Pagina:Raimondo Montecuccoli, la sua famiglia e i suoi tempi.djvu/588

Da Wikisource.


X Nelle felicissime nozze di S. Eccelenza il Signor Conte Generale Montecuccoli con la Illustrissima Signora, la S.ra Contessa Margherita Dietrichstein, ec. (Sonetti di Bernardino Bianchi )

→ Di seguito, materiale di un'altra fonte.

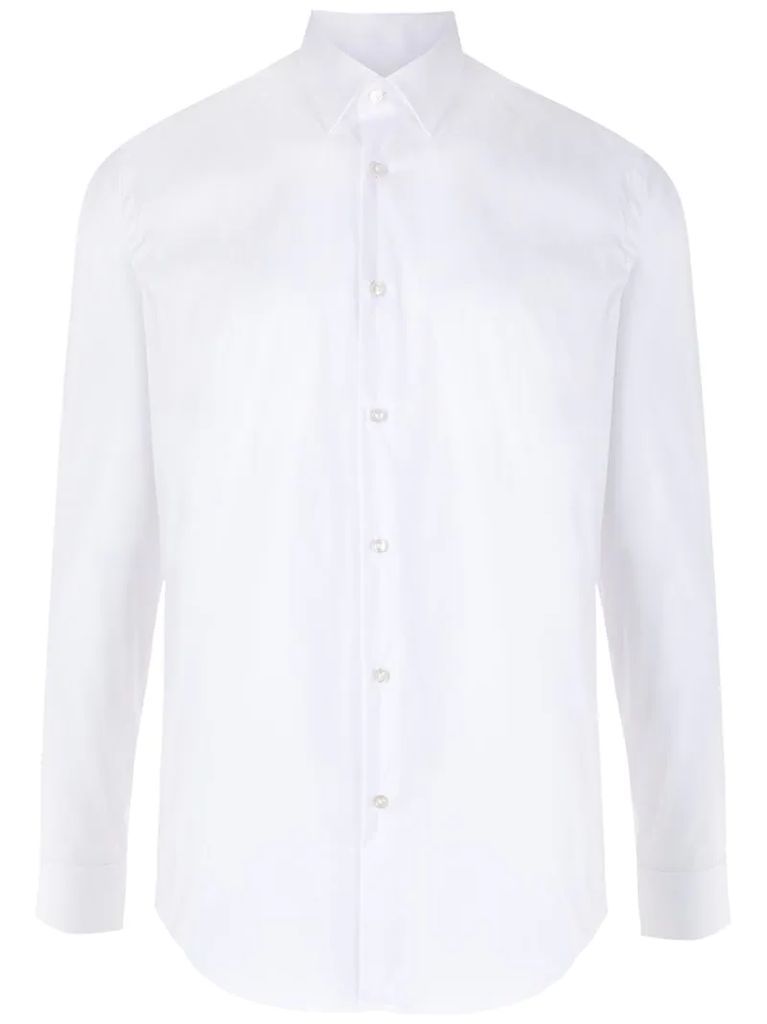 pointed collar slim-fit shirt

E’ un mar la Corte che ben cento, e cento,
Che lottar col Naufragio ha in calma absorti;
Ha mille sì, ma non sicuri i Porti,
Né ciò ch’empie ogni vela, altro è che vento.
Cadono in fondo al tumido Elemento
Que’ flutti, che oltre al Ciel parean già sorti:
Quinci a pena caduti, al Ciel risorti
Son depressi, e sublimi in un momento.
Dal suo Plettro Arion qui nulla spera:
Bevon gli Ulissi qui l’onde più amare:
Più d’un Icaro qui forza è che pera.
O’ Virtù di Raimondo, al Mondo rare;
Che mentre altri perisce, altri dispera,
San pescar Margherite in questo mare.

Lodasi il valore di S. E. e nelle Armi e nelle Lettere

Chi pria mi desta? E in più stupori absorti,
Chi prima sia, che i miei pensier ravvivi?
O il Plettro, che dié vita a mille morti,
O il Brando, che dié morte a mille vivi?
Raimondo, o che tu pugni, o che tu scrivi,
Oracol sei de’ saggi, Idea de’ Forti;
E veggo Armi Latine, e Studi Argivi,
Che con altri perir, teco risorti;
Poco è di Lauri; anzi di Stelle un Serto,
Meno al tuo Nome, o sculti Bronzi, o Marmi;
Nulla lo stil d’ogni Cantor più esperto.
Scrivi tu dunque i tuoi Sudori, e l’Armi,
Che miglior Tromba non può haver tuo merto,
Ch’Eroe maggior non ponno aver tuoi Carmi.